1924 James Baldwin was born

1938 Shoghi Effendi (1938:36) Guardian of the Bahá’í Faith, wrote that racial prejudice was the most vital and challenging issue confronting the Americas.

“Freedom from racial prejudice, in any of its forms, should, at such a time as this when an increasingly large section of the human race is falling a victim to its devastating ferocity, be adopted as the watchword of the entire body of the…believers, in whichever state they reside, in whatever circles they move, whatever their age, traditions, tastes, and habits (1938:36).”

“The ceaseless exertions which this issue of paramount importance calls for, the sacrifices it must impose, the care and vigilance it demands, the moral courage and fortitude it requires, the tact and sympathy it necessitates, invest this problem…with an urgency and importance that cannot be overestimated (1938:34).”

” [Freedom from racial prejudice] should be deliberately cultivated through the various and everyday opportunities, no matter how insignificant, that present themselves, whether in their homes, their business offices, their schools and colleges, their social parties and recreation grounds, their Bahá’í meetings, conferences, conventions, summer schools and Assemblies (1938:36).”

1940 American author Richard Wright published Native Son. James Baldwin in his essay entitled “Everybody’s Protest Novel” (c. 1950s?: 54-59) published in Zero situated American author Richard Wright fictional character Bigger Thomas in Native Son (1940) as a character controlled, defined by hatred and fear as a descendant of Uncle Tom. Bigger Tom’s hatred and fear later drive him to murder and rape.

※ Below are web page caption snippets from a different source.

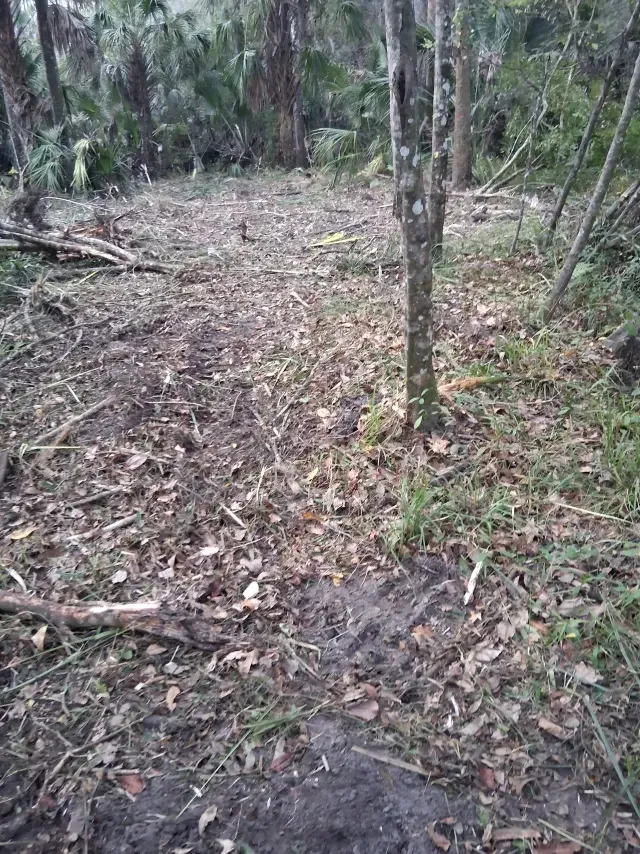 A path through a clearing in a wooded forest area, covered with dry leaves, soil, and scattered fallen branches.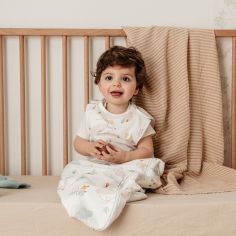 Gigoteuse été Montgolfière balloons (6-36 mois)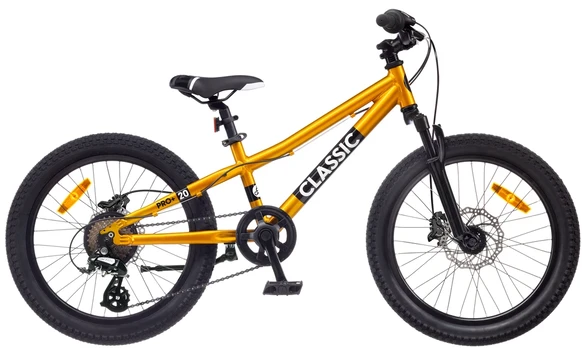 Dviratis 20 CLASSIC PRO 20+ golden classic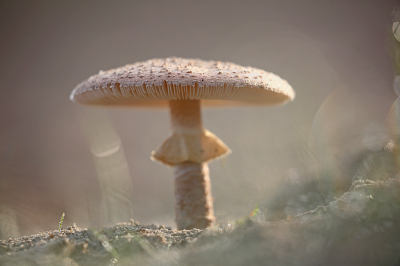 <i class='fa fa-user'></i>&nbsp;Pieter  LJ&nbsp;|  Parelamaniet&nbsp; <i class='fa fa-eye'>&nbsp;68</i> &nbsp;<i class='fa fa-thumbs-up'>&nbsp;4</i> &nbsp; <i class='fa fa-comment-o'>&nbsp;5</i>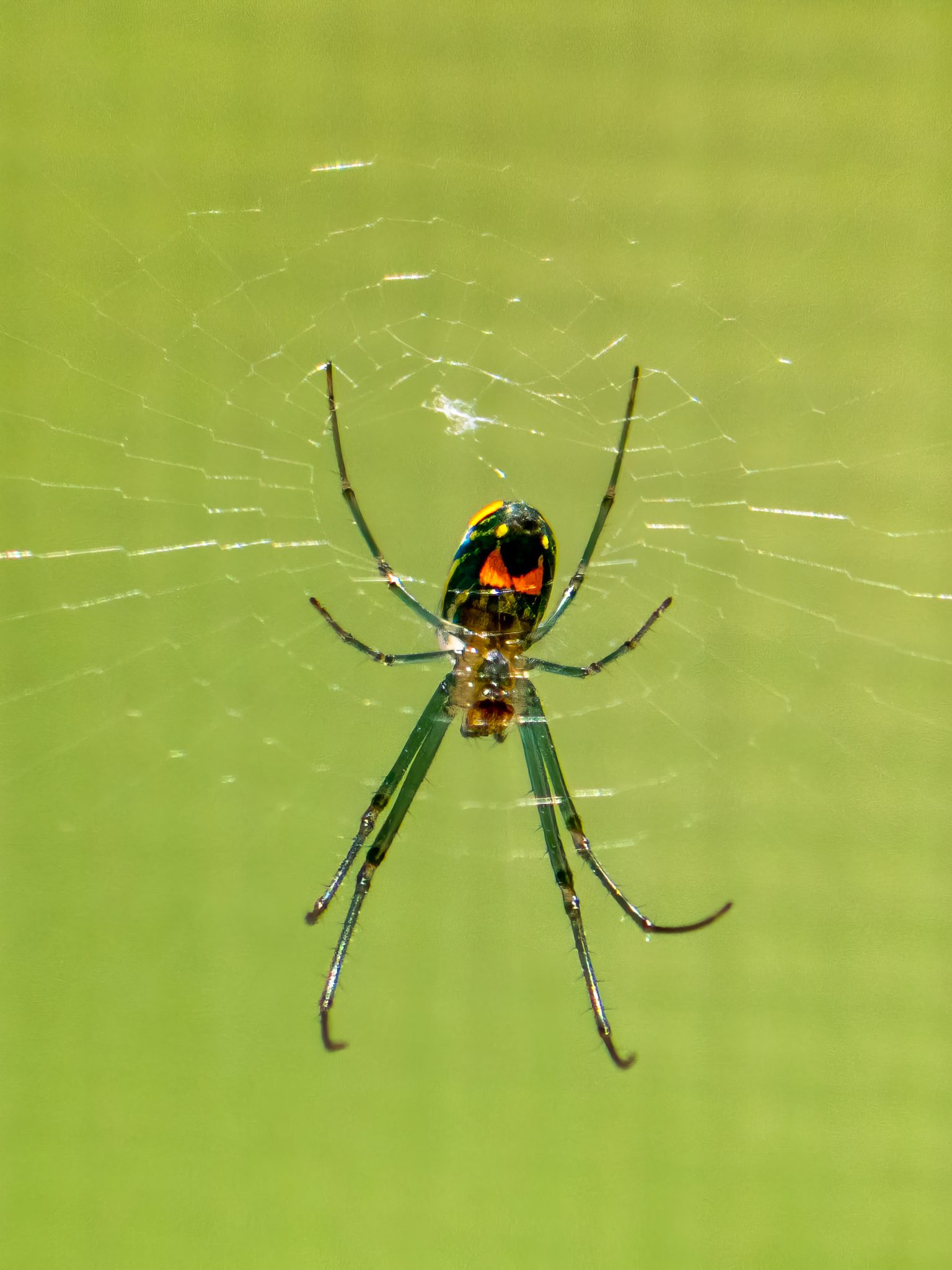 Orchard Orbweaver Spider, Leucauge argyrobapta in Central Florida making a web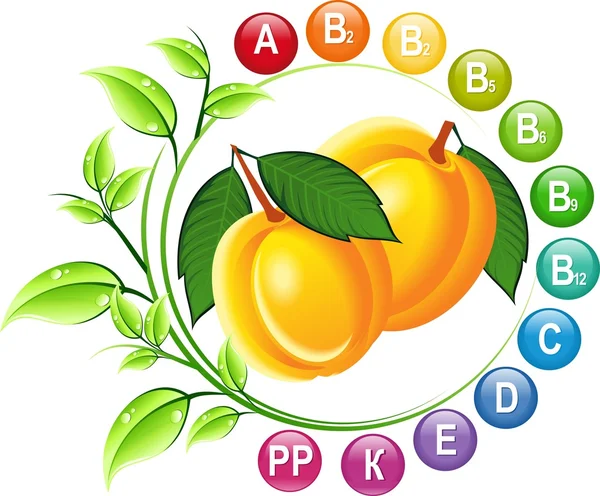 维生素和杏子 — 图库矢量图片
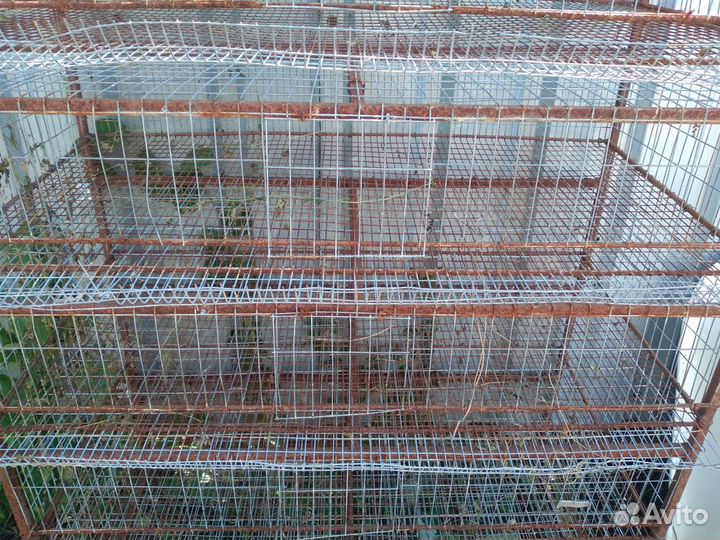 Брудер, клетка для цыплят, домашней птицы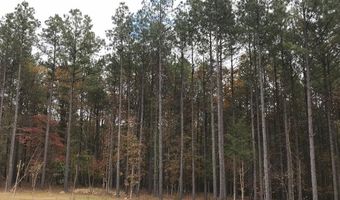 160 Slytown Rd, Arkansas City, AR 71921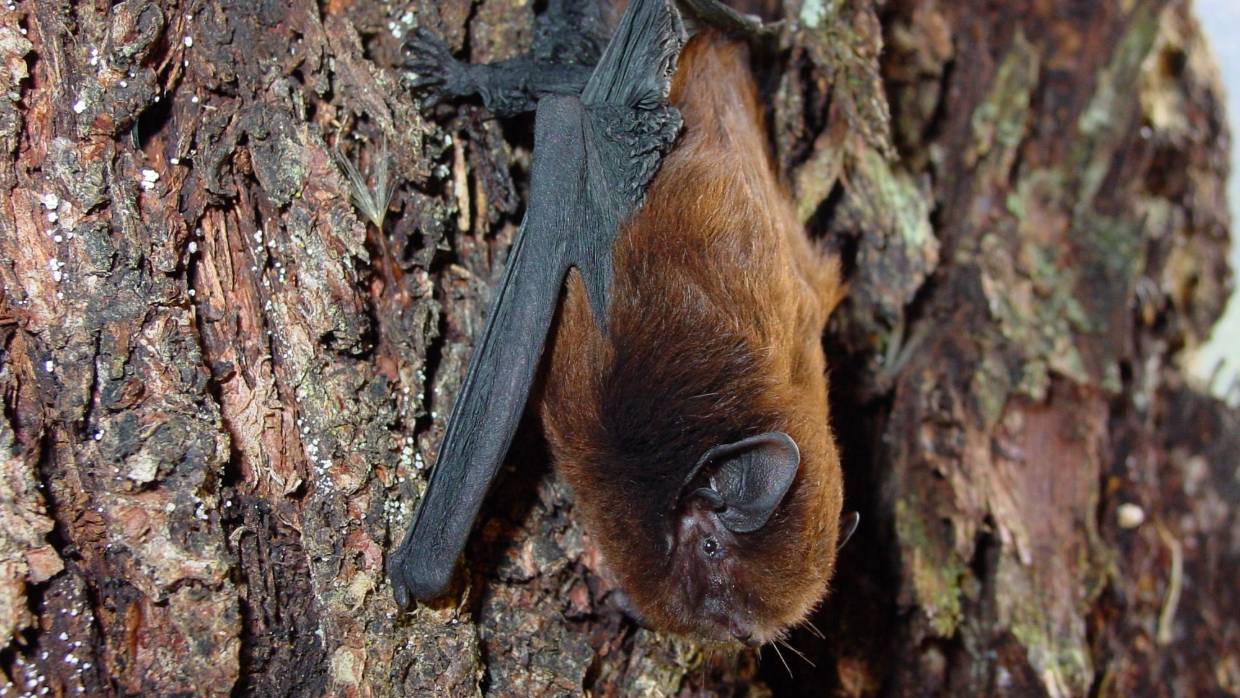 Long-tailed bat @Aongatete Forest Project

Baldwin saw Richard Wright as the 1940s Negro novelist locked with the 19th century New England author in a deadly timeless battle. He decries the fact that Bigger Tom’s tragedy is that he has accepted a theology that situates him as subhuman eternally constrained to fight for his humanity. Native Son is number 71 on the American Library Association’s list of the 100 Most Frequently Challenged Books of 1990-2000. The Modern Library placed it number 20 on its list of the 100 best novels of the 20th Century. Time Magazine also included the novel in its TIME 100 Best English-language Novels from 1923 to 2005.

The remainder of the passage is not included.